# Structured Reinforcement Learning for Combinatorial Decision-Making

This folder contains the code for the paper titled "Structured Reinforcement Learning for Combinatorial Decision-Making" submitted to NeurIPS 2025. The code implements COaML-pipelines trained using Structured Reinforcement Learning (SRL), Structured Imitation Learning (SIL), and Proximal Policy Optimization (PPO) for six industrial problem settings using Julia 1.11.5.

## Folder Structure

The folder scripts contains all source code for the paper. It contains a sub-folder for each of the environments:
1. DAP: Dynamic Assortment Problem
2. DVSP: Dynamic Vehicle Scheduling Problem
3. GSPP: Gridworld Shortest Paths Problem
4. SMSP: Single Machine Scheduling Problem
5. SVSP: Stochastic Vehicle Scheduling Problem
6. WSPP: Warcraft Shortest Paths Problem

The folder of each environment contains an implementation of SIL, PPO, and SRL, as well as a greedy and an expert benchmark for the specific environment.

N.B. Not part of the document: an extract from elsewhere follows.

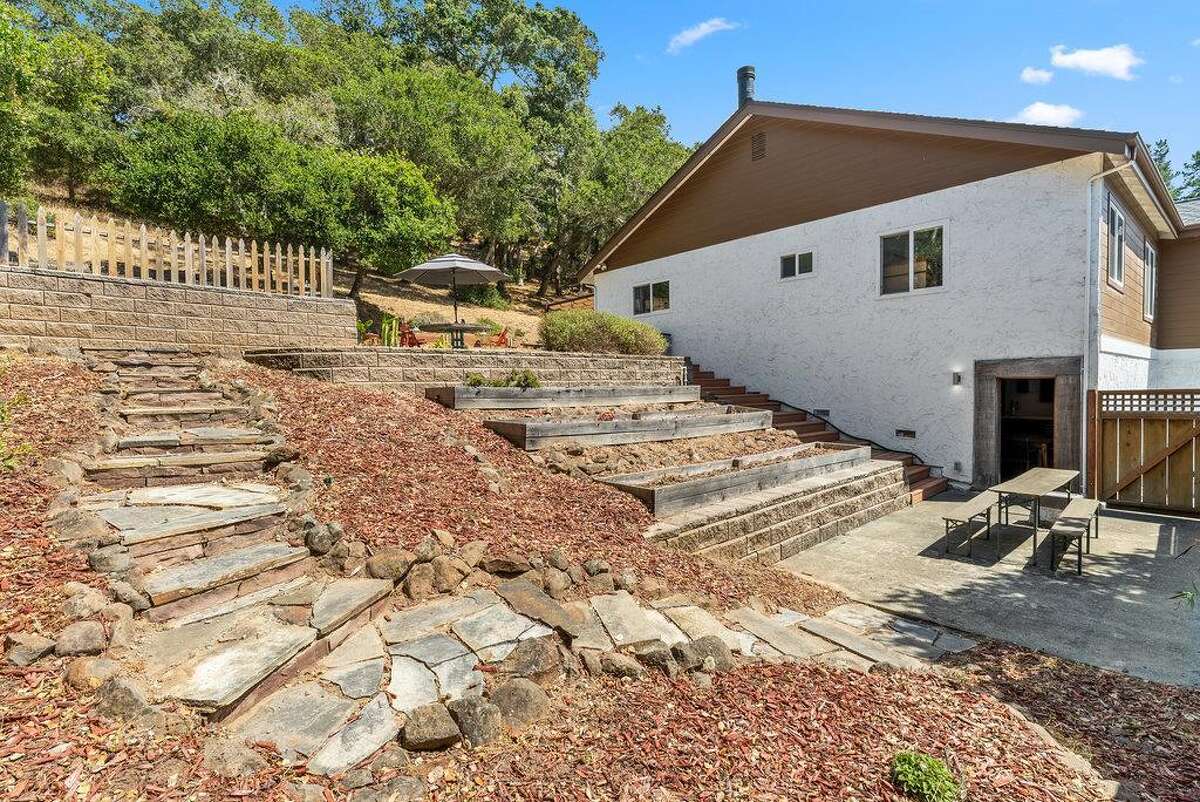 65 Dipsea Road. Stinson Beach, CA PRICE: $4,800,000 DESCRIPTION: Dip into the calm sublime of the maritime... Situated on the widest stretch of the Seadrift lagoon with beautiful views of the lagoon and Mount Tamalpais, this Dipsea darling is surrounded by natural beauty. A short walk to downtown Stinson Beach and a stunning, 40 minute drive to the Golden Gate, you can't ask for a better location for your vacation home. Brimming with natural light and water views from every room, you’ll settle quickly into the calmness and joy this darling home emanates. The spacious two bedroom, two bathroom home has much to offer, with plenty of storage for all the fun toys that come with beach life; surfboards hanging in the garage, beach cruisers ready to ride, and kayaks and standup paddleboards stowed away on the lower dock — where you can plunge right into the Seadrift lagoon. Life at the beach doesn't get any better than this. Within the Seadrift community, you are rooted in coastal comfort with easy access to the bird sanctuary on the Bolinas lagoon, the coveted Seadrift beach with great surf and beautiful views, tennis and pickleball courts, and easy access to the Tamalpais trails. This Dipsea darling is a home for making memories to be cherished forever. Specifications: ? Spacious 2 bedroom 2 full bath ? 1859 square footage house ? 7500 square footage lot ? Primary bedroom with grand en suite bathroom ? Second bedroom and second full bathroom separated by the main living space ? Den area ? Kitchen island and open concept living area with fireplace ? Dining room ? Wraparound back deck and lower dock ? Hot tub ? Lower storage...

Each environment-folder is sturctured as follows:
1. utils: Folder containing environment funcions, should not be run directly
2. 00_setup.jl: Dataset setup and baseline (expert and greedy) solutions
3. 01_SIL.jl: Structured Imitation Learning training function and executable code
4. 02_PPO.jl: Proximal Policy Optimization training function and executable code
5. 03_SRL.jl: Structured Reinforcement Learning training function and executable code
6. 04_plots.jl: Code to create a cumulative lineplot of training performance and a boxplot of testing performance

## Environment setup

To set up a working environment for the code, please follow these steps:
1. Install the Julia programming language, version 1.11.5 (see https://julialang.org/install/)
2. Open this software in your favorite IDE and activate a Julia REPL
3. Instantiate the Julia environment of this folder:
```julia
using Pkg
Pkg.activate(".")
Pkg.instantiate()
```
4. Make sure to have an active internet connection and ca. 150MB of free disc space for downloading and storing instance and log files when running the code for the first time

## Running code

To train and test the algorithms for an environment, please follow these steps:
1. Find the corresponding environment folder
2. Run 00_setup.jl:
```bash
julia --project=. folder/00_setup.jl
```
3. Run the algorithm scripts 01_SIL.jl, 02_PPO.jl, and 03_SRL.jl (same as 2.)
4. Run 04_plots.jl (same as 2.)

To reproduce the experiments from the paper, please follow these steps:
1. Set all hyperparameters to the values used in the paper (corresponds to default values)
2. Train and test the models using ten random seeds for model initialization
3. Store the training and testing rewards of each training run
4. Average rewards across the ten runs for each train- and test-episode

The results from the ten runs and the average rewards can be used to reproduce the numerical and graphical results from the paper. Additional environment-specific instructions, including the random seeds to be used and how to set them, are provided in the README-file of each folder. To reproduce runtime results, run the respective algorithm with a @timed command.